Instructor and Curriculum Specialist, Colorado State University, Colorado
Imagine a student in 2021, they are working through the course diligently, and then they come to their midterm exam. They sit down, and the software says it needs access to their webcam to look at their face. The student groans, not because they don’t have a webcam, though their friend does have this issue, but because they know the software won’t be able to see them. They are invisible to face detection, and they will be flagged for cheating. Their professor will assume that out of the 300 students in their class, this student couldn’t possibly have an issue. The software must be correct, and the student must have been cheating. The student will most likely fail the course.
With the increased use of online education tools, especially proctoring tools, it is important to be aware of how these applications may be inherently biased against certain student demographics, and how those biases may be affecting our course design. We will cover six forms of artificial intelligence bias as defined by Microsoft Inclusive Design that are commonly known in computer science, but often not addressed. We will also discuss how our reliance on technology in course design could be biasing our courses, and possible techniques on how to overcome that bias. Simply, we must be conscious of the unconscious biases that went into the design of learning management systems and other products that have become essential in modern course design.

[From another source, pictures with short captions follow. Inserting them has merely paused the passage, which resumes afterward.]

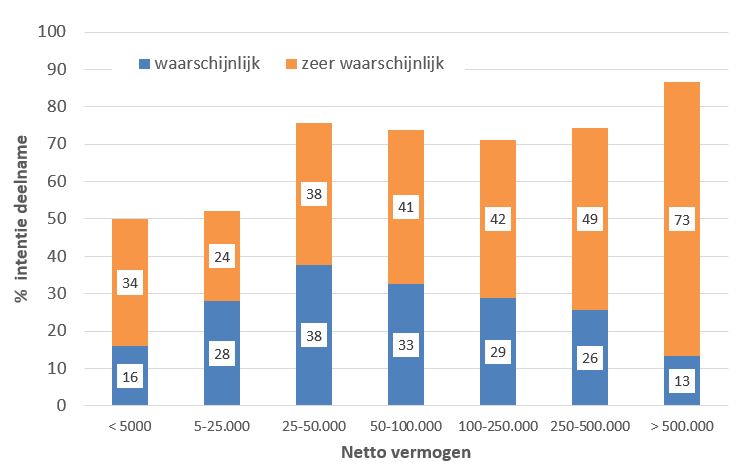 Fig2_generatie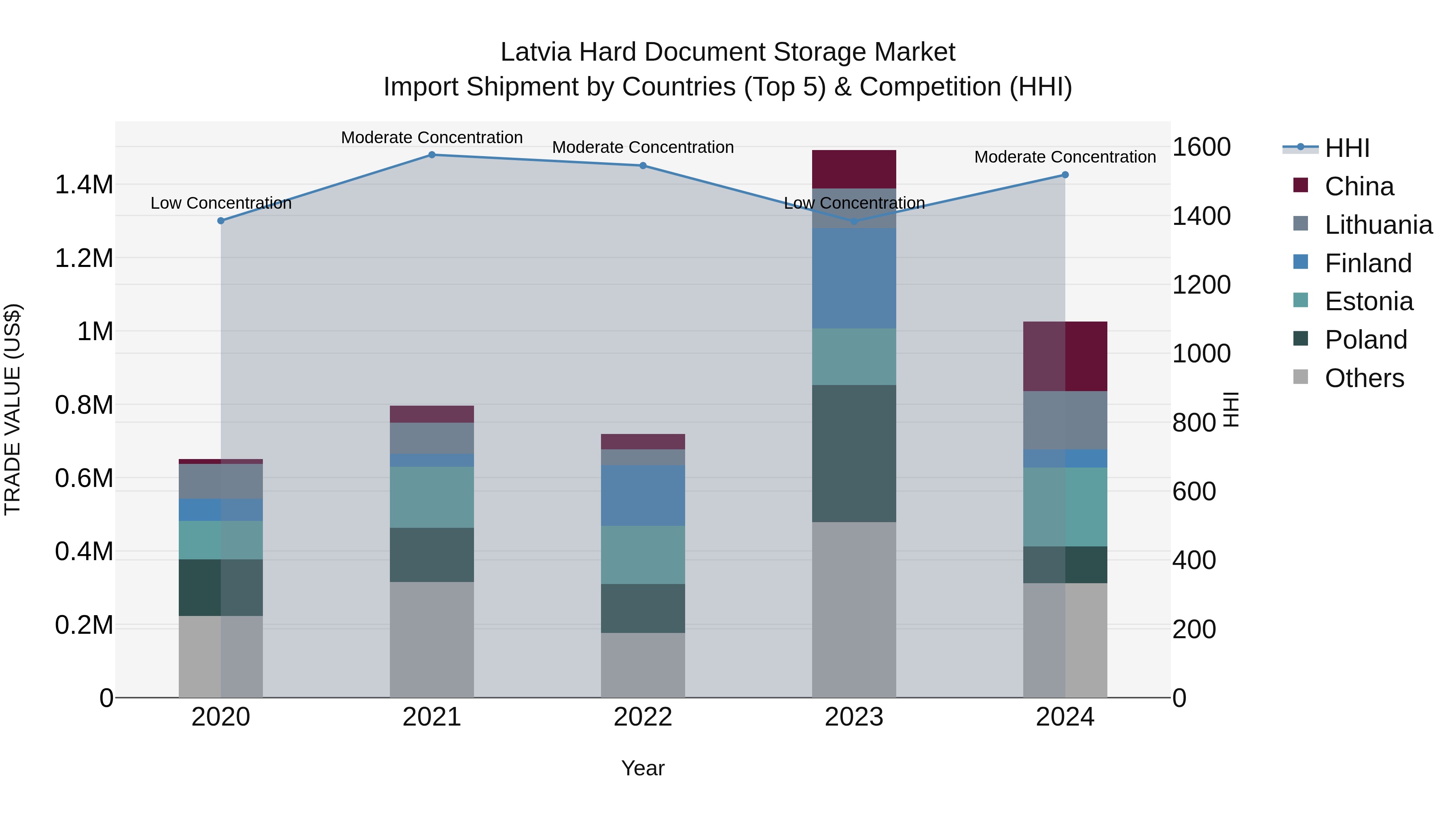 Latvia Hard Document Storage Market Top 5 Importing Countries and Market Competition (HHI) Analysis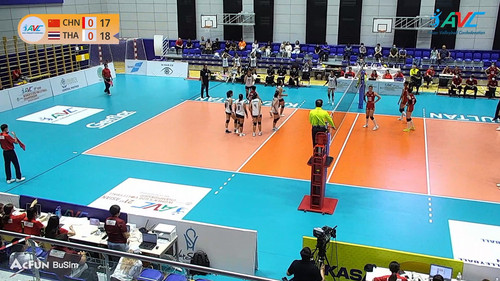 21ST ASIAN WOMEN’S U20 VOLLEYBALL CHAMPI 2022 China VS Thailand 20220710 EN 1080p HDTV AVC AAC NoGro.jpg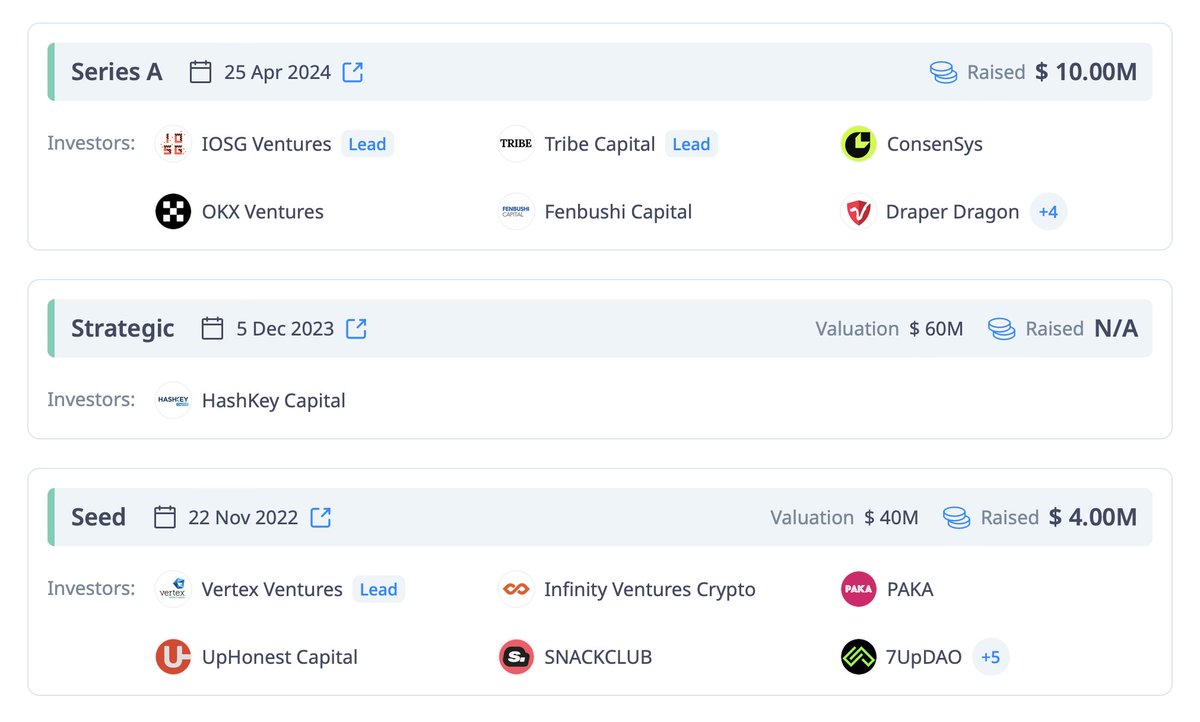 When it comes to funding, @carv_official boasts an impressive lineup of backers such as @Consensys, @HashKey_Capital, @fenbushi, and others.

The Nodes sale will be conducted on various launchpads including @Eclipsefi, @SeedifyFund, and CARV's own platform.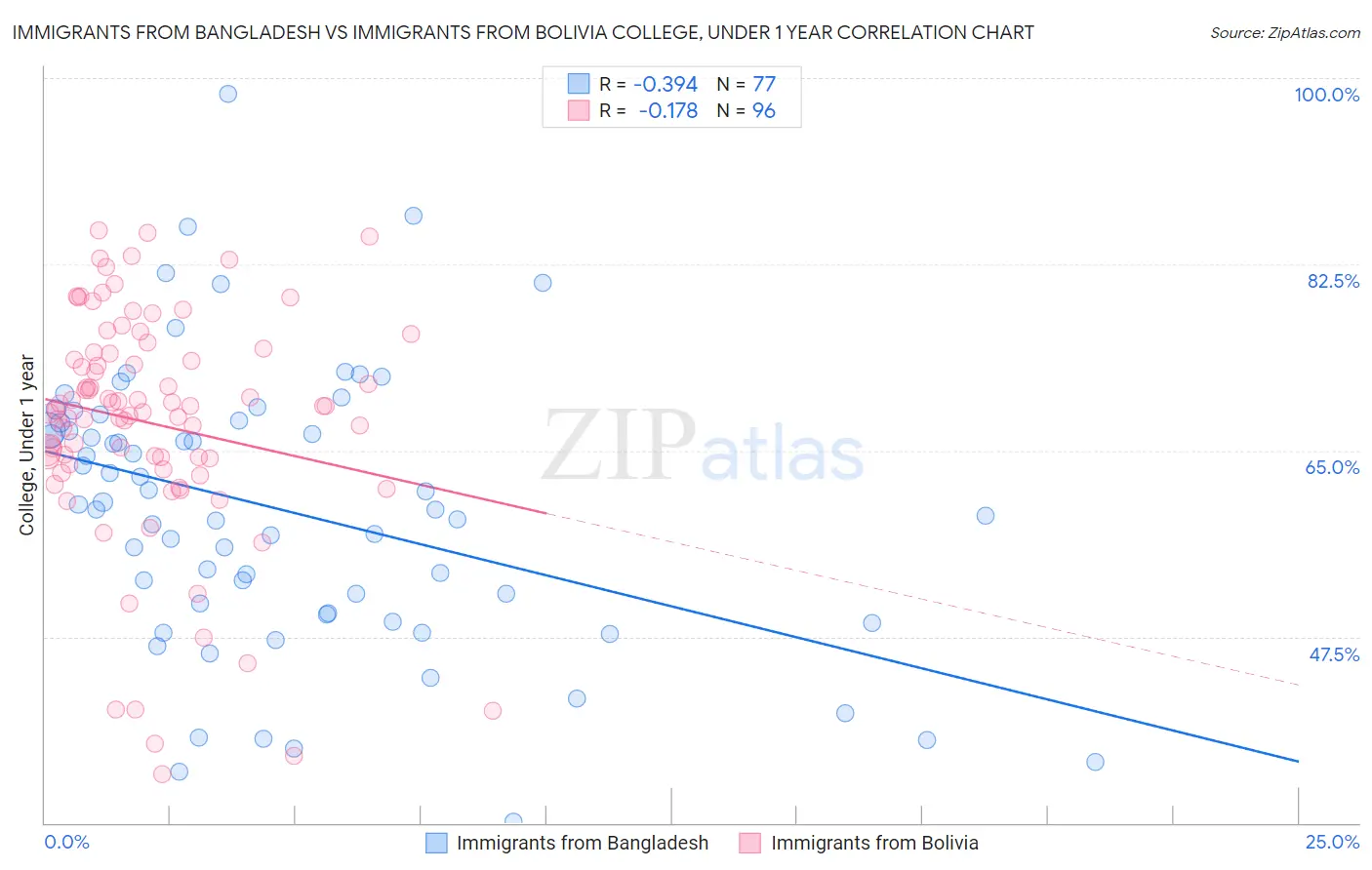 Immigrants from Bangladesh vs Immigrants from Bolivia College, Under 1 year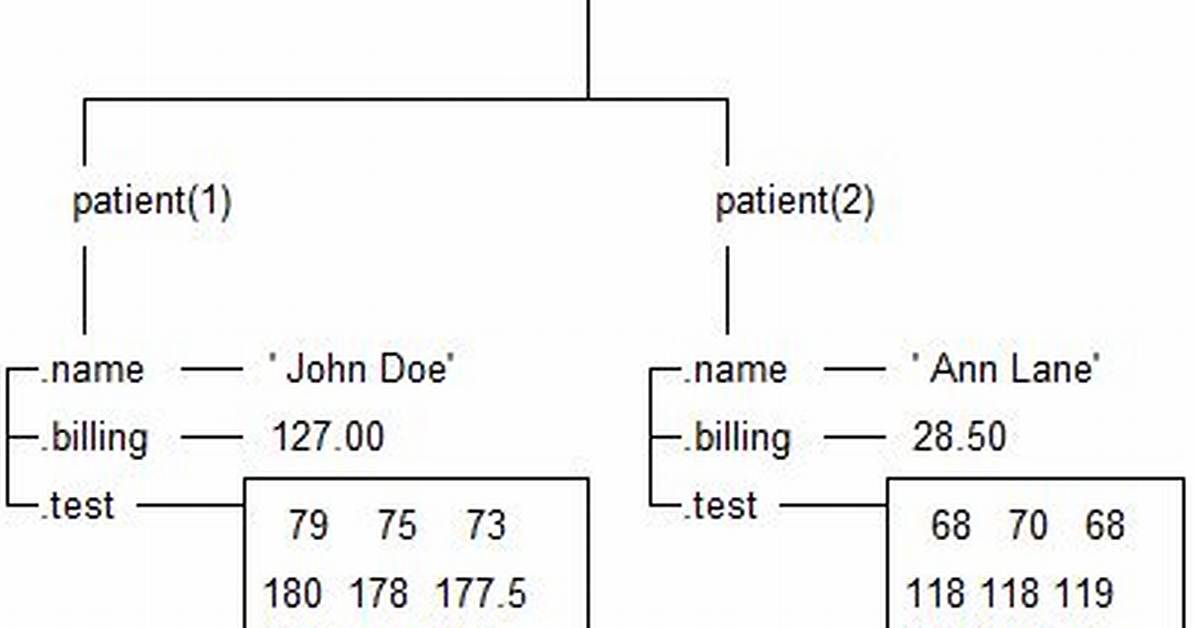 Structure Array in Matlab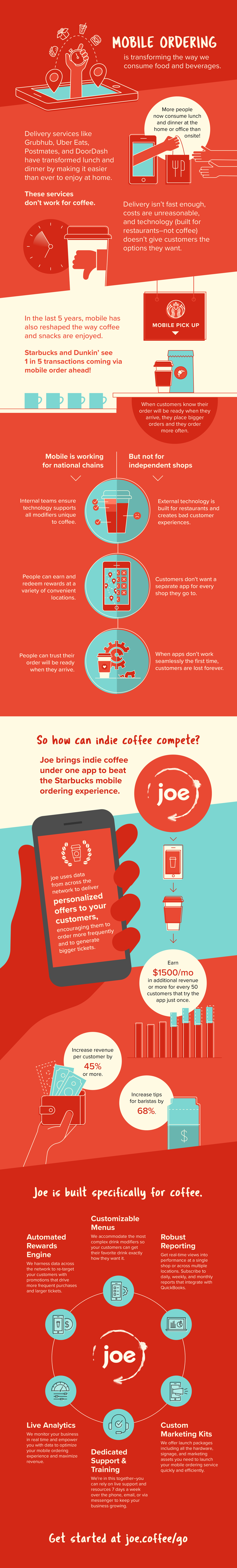 joe_Infographic_MobileOrdering_V4-01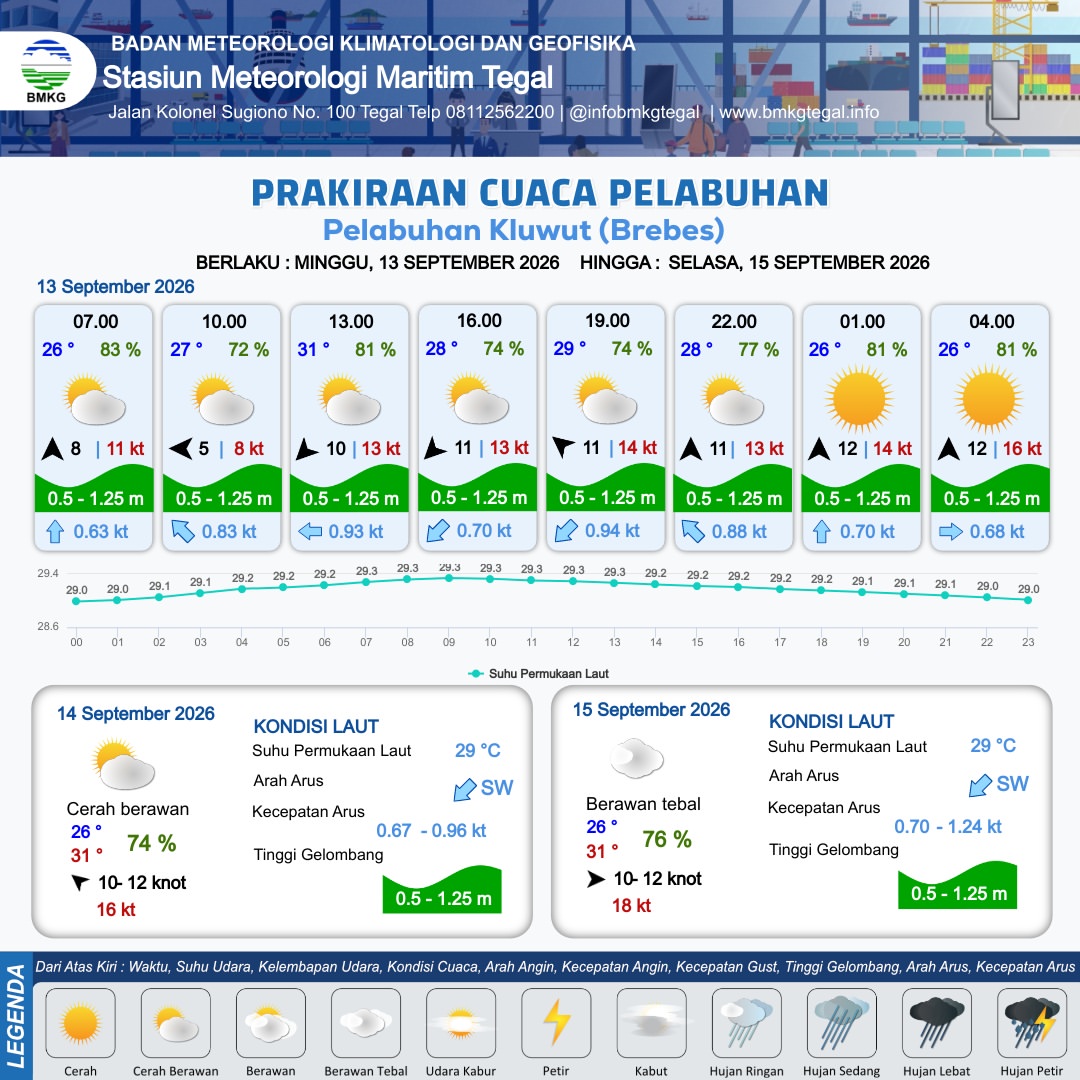 Prakiraan Cuaca Pelabuhan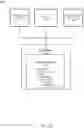 Fig. 12 - Database world state integrity validation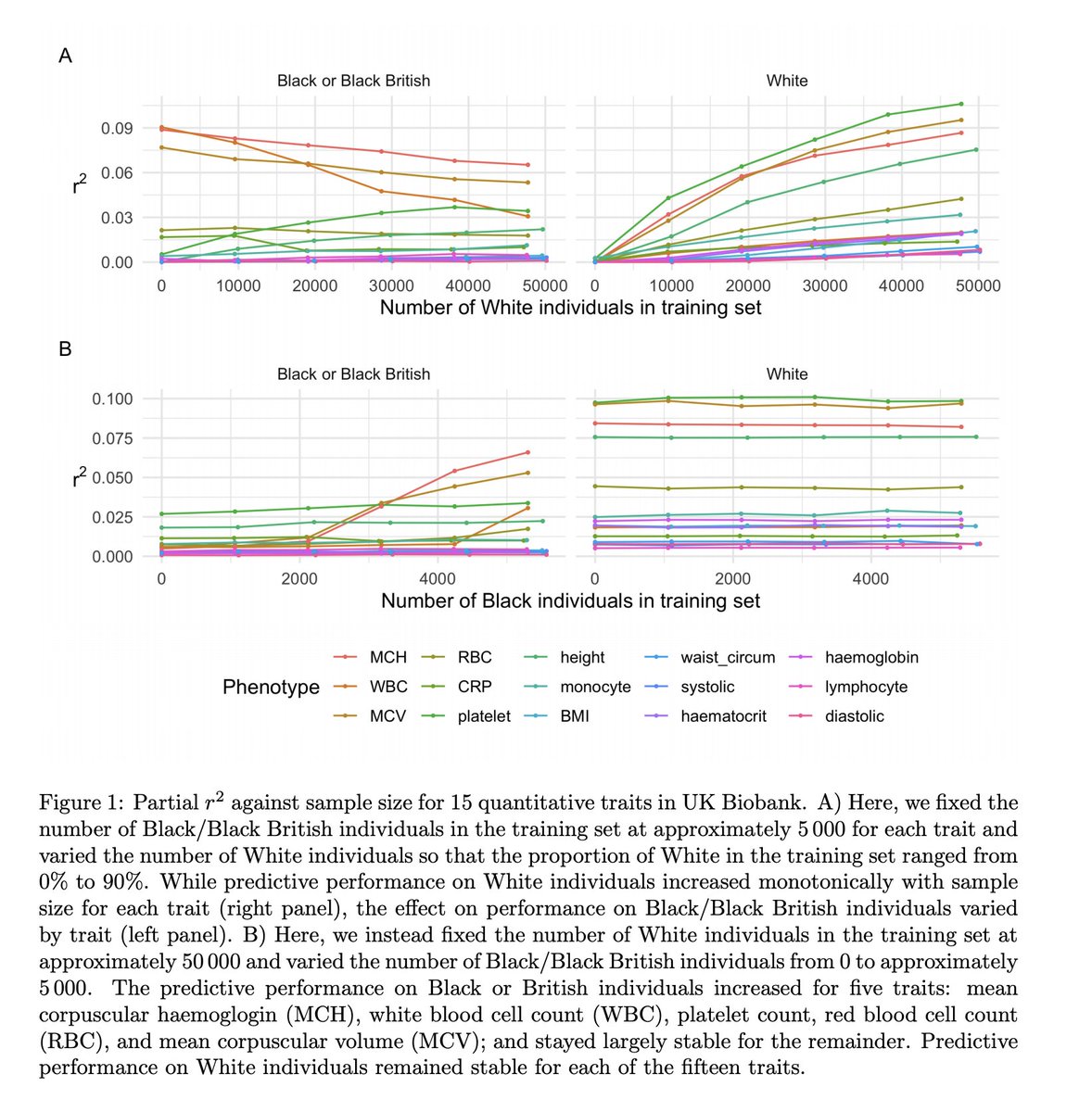 Headline 1: Adding individuals from one ancestry does not always improve PGS performance for a different ancestryWe used training sets with a varying numbers of White & Black ppl. For SOME of the 15 traits, adding more White ppl resulted in worse performance for Black ppl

Albert Lionelle is an instructor and curriculum specialist / designer for the Computer Science Department at Colorado State University. His primary research focus is in computer science education, and has publications in both CS Education and Computer Vision (graphics/artificial intelligence). He is the designer and instructor for CS 150 - Culture and Coding, the first computer science course to be accepted as a guaranteed transfer course under different ways of thinking (GT-AH3) for the State of Colorado. He has led with building the Online Computer Science BS degree for CSU online, working with CDE on developing a STAA for CS, revamping the CS minor, and been an organizer in a revamp of the Computer Science curriculum at CSU leading to five concentrations, plus added flexibility and pathways for students. He is a founder of CSedU, the CS education research group at CSU. His current research focuses on restructuring CS courses around memory enhancing techniques and study structures built into the course design. He followed a very roundabout path to academia. In the past, he has been a high school principal, school board member, life coach, and owner of a sustainable agriculture company in addition to time spent in the defense industry as a developer. In his spare time he teaches historical sword fighting.